── RECORDS PROVIDED ──

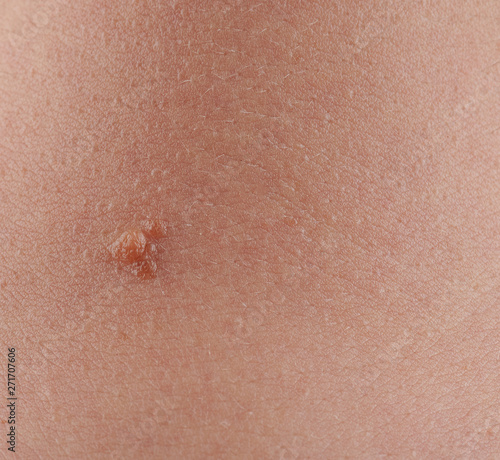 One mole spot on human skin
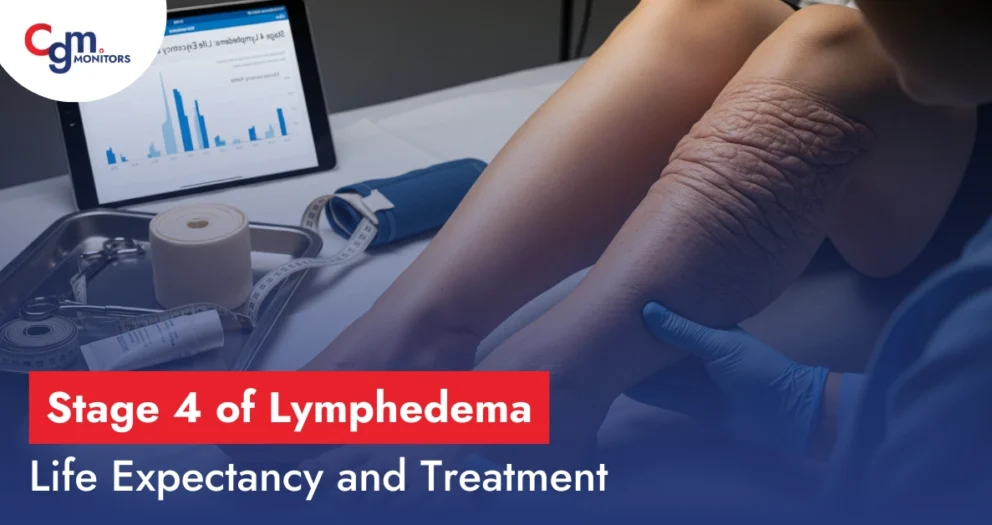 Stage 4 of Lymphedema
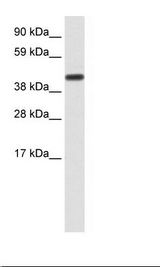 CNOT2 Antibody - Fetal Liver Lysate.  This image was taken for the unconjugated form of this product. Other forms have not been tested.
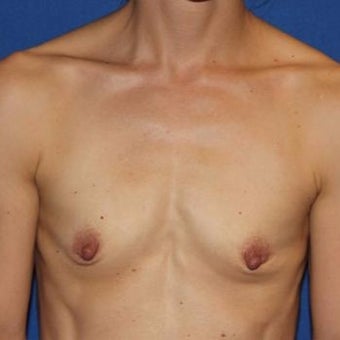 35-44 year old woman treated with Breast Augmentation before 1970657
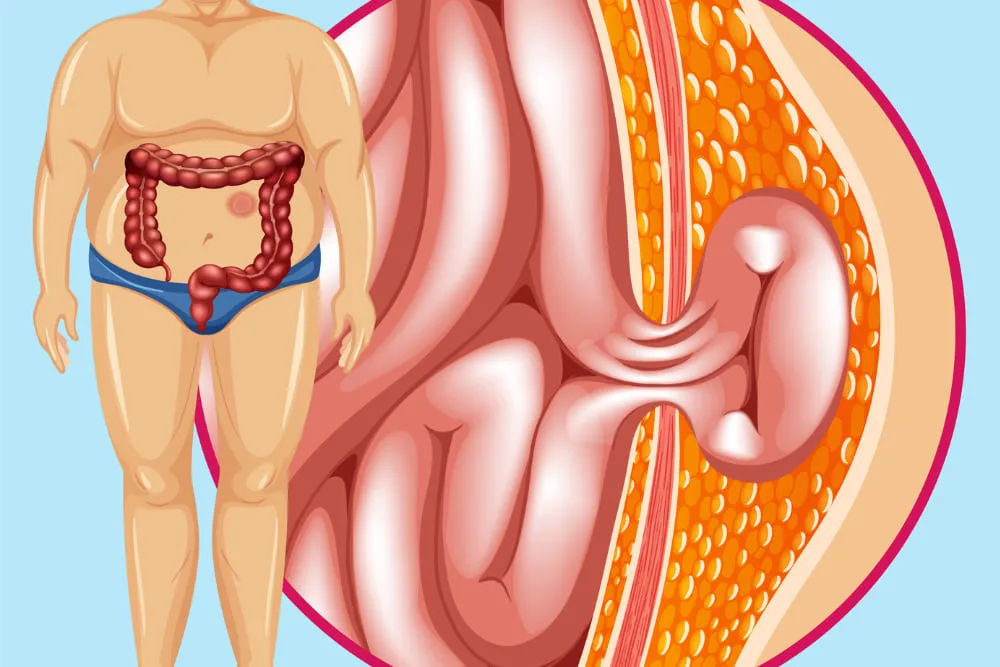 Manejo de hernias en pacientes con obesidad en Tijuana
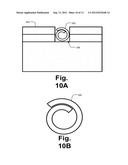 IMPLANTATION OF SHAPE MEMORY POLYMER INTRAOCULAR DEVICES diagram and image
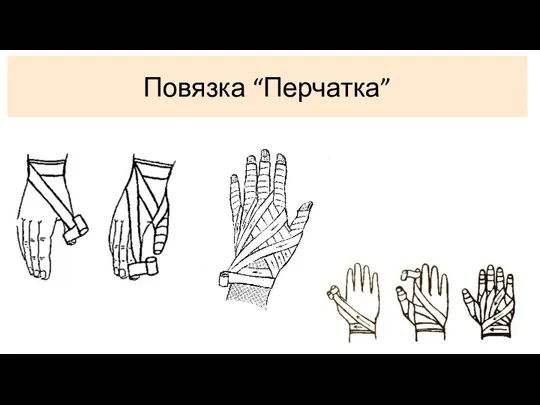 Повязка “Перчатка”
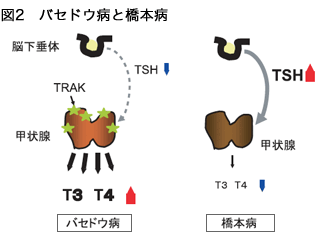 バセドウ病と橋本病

───
── RECORDS PROVIDED ──

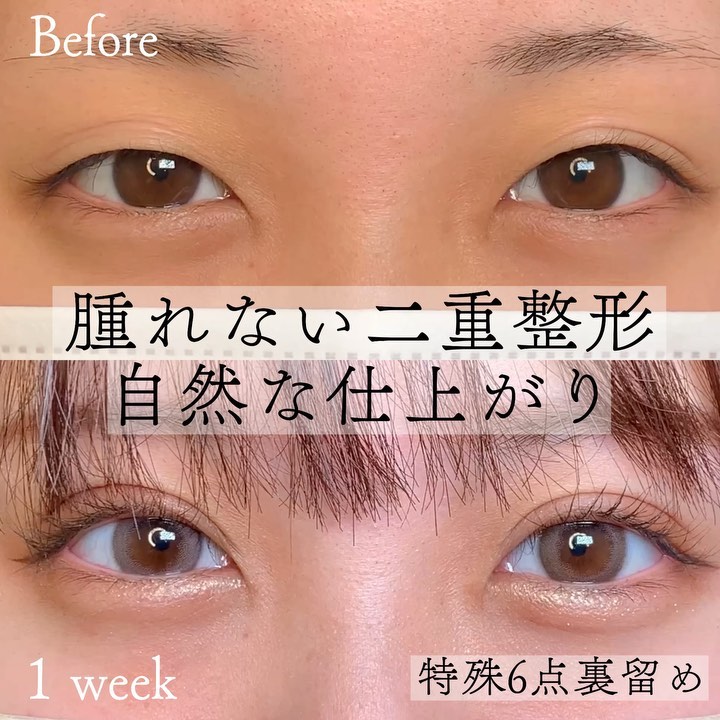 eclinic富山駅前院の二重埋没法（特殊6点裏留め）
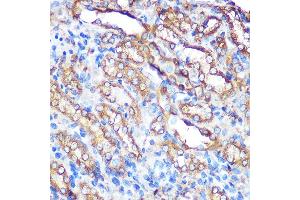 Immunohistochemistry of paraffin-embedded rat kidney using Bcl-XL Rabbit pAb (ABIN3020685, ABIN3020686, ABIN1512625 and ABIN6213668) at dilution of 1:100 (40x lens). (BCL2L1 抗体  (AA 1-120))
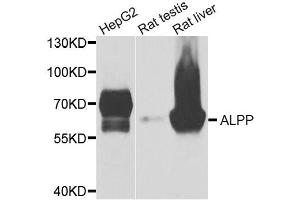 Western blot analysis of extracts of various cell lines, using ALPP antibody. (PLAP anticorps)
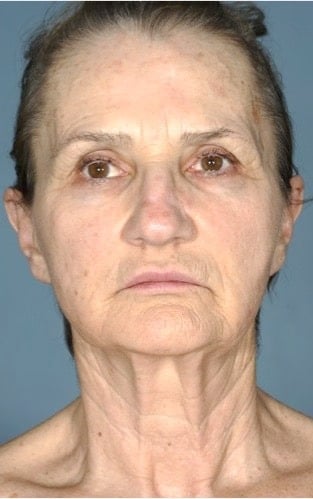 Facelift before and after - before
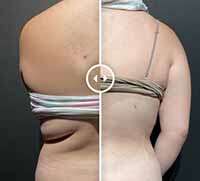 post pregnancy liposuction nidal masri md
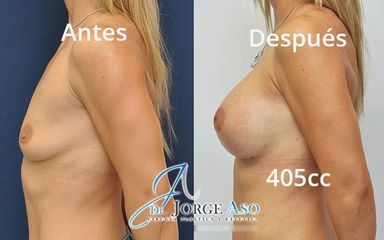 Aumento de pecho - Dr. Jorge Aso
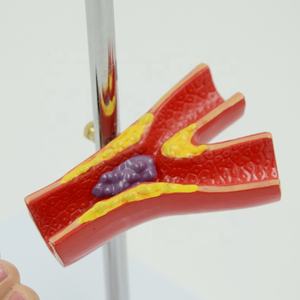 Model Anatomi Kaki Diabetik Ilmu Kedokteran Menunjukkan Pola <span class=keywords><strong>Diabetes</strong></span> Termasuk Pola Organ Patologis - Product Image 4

───

## EXERCISE DETAILS
Looking above, find the stretch of lines that opens with the one holding "Western blot analysis" and closes with the one holding "Model Anatomi Kaki". Copy it exactly, pictures excluded.

## TASK SOLUTION
 Western blot analysis of extracts of various cell lines, using ALPP antibody. (PLAP anticorps)
 Facelift before and after - before
 post pregnancy liposuction nidal masri md
 Aumento de pecho - Dr. Jorge Aso
 Model Anatomi Kaki Diabetik Ilmu Kedokteran Menunjukkan Pola <span class=keywords><strong>Diabetes</strong></span> Termasuk Pola Organ Patologis - Product Image 4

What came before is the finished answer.